You can then search to find the data source you’re looking
for. In the screenshot below, I’ve connected to a published data source, which
is an extracted data source I created from the Superstore Excel file.
But, as I shared in the previous blog, the connection type
shows as “Live.” Why? Yes, our original data source was an extract, but we have
essentially created a new data source that connects to that extract, and that
new data source is a live connection. In short, we have a live connection to
an extracted data source. Every time you connect to a published data
source, it will show as a live connection, regardless of whether or not the
published data source is a live data source.
Warning:
You cannot relate or join a published data source to any other data. If you
need to combine multiple published data sources then you will need to leverage
blending or you will need to create a new data source that connects to the original
data sources and relates or joins them.
Refreshing an Extracted Published Data Source
When
you publish a live data source to Tableau Server/Online, that data source
maintains a live connection to the data, so refreshing it is not necessary.

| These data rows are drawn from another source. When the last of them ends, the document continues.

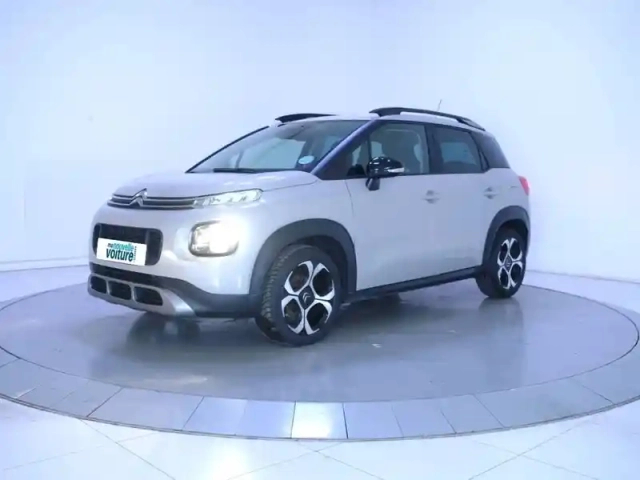 Citroën C3 Aircross bluehdi 100 s&amp;s bvm6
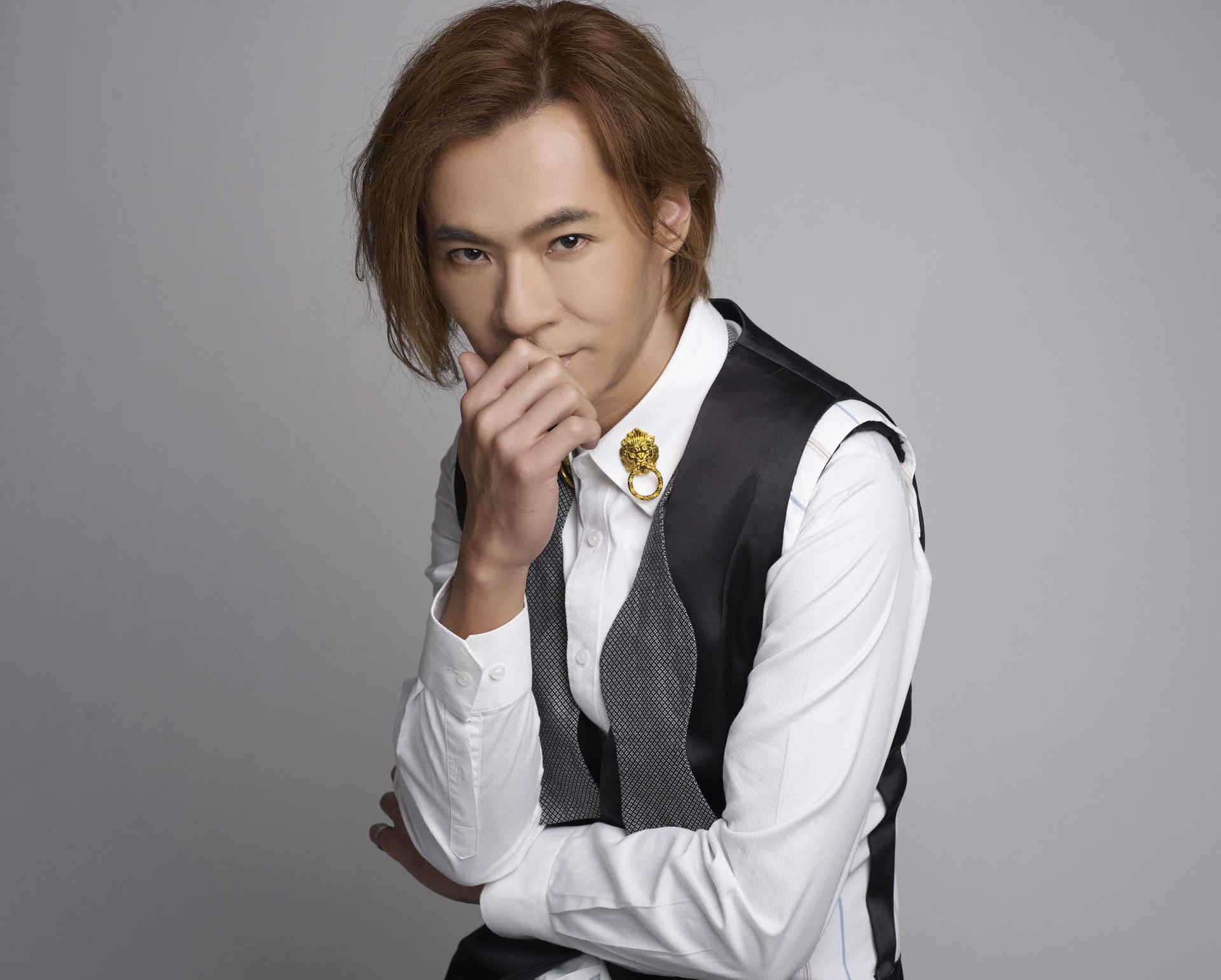 杨培安(华语乐坛歌手、音乐人)_360百科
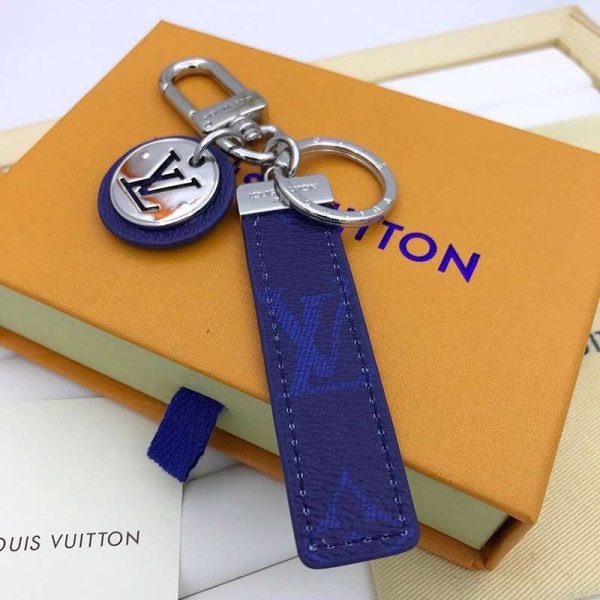 新作【ルイヴィトン】NEO LV バッグ＆キーホルダー M69324 - 画像 (7)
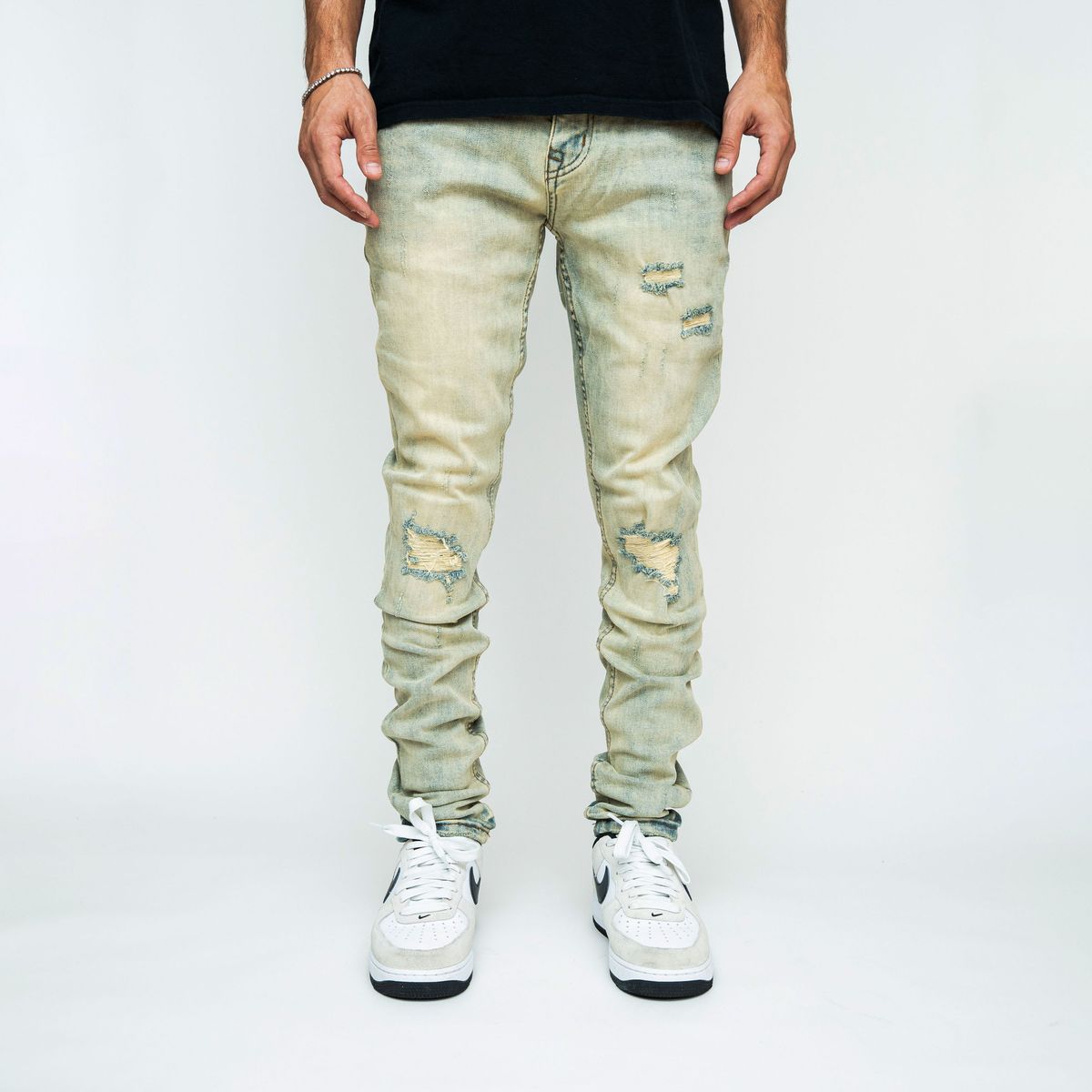 Pali Denim (desert storm)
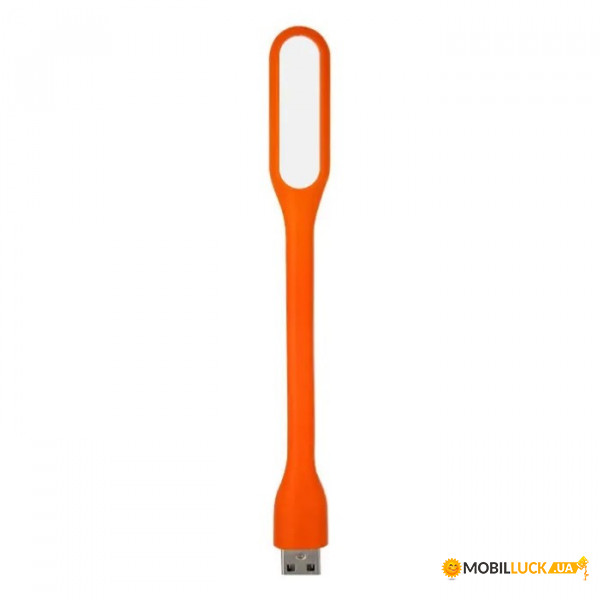  USB LED Orange (2000985601276)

However, extracts, by their nature, are just snapshots of data and typically
need to be refreshed on a regular basis. This is where scheduled refreshes come
into play. When a refresh process runs, it will connect to your original data
(this could be a file or a server, such as a database management system), it
will pull the data it needs, then update the data source on the server. I won’t
be going into much more detail about the process of refreshing data sources as
that is pretty well documented in the Tableau Help.
I do,
however, want to mention a few differences you’ll see depending on the type of
connections you use. The process is relatively straightforward when using a
server-based connection—Tableau will prompt you to provide details about how to
authenticate the data source, then that’s all you need. Tableau Server/Online should
generally be able to connect to that server data source without any issue. One
common problem I see is that firewalls or similar technology sometimes block communications
between the two servers. If you see network-related errors when you attempt to
refresh a data source using server-based connections, then I recommend working
with your IT team to determine if there are any firewalls getting in the way.
File-based
data sources are a bit trickier because they often reside on your computer or
on a mapped drive and Tableau Server/Online will generally have problems
connecting to those. If you’d like to learn more about this, see my blog, Auto-Refreshing File-Based Data Sources in Tableau Server.
What’s
Included in a Published Data Source
When you publish a data source, it will include all groups,
sets, hierarchies, bins, and calculated fields that you’ve created. When you
are connected to a published data source, these objects, plus all the data
fields, cannot be edited because they are part of the data source (note: there
are a few properties, such as geographic role, which can be changed and will
then be saved as part of the workbook).
You can create copies of these objects or create new groups,
sets, hierarchies, bins, and calculated fields, but those will not be
part of the published data source. Instead, those will become a sort of extension
to the data source which reside only in your workbook. This can be pretty confusing
so my recommendation is that you first edit the data source (see the next
section), then add the new objects, and republish. This will ensure that others
can leverage those new objects, while also avoiding confusion caused by having
some objects in the data source and some in the workbook.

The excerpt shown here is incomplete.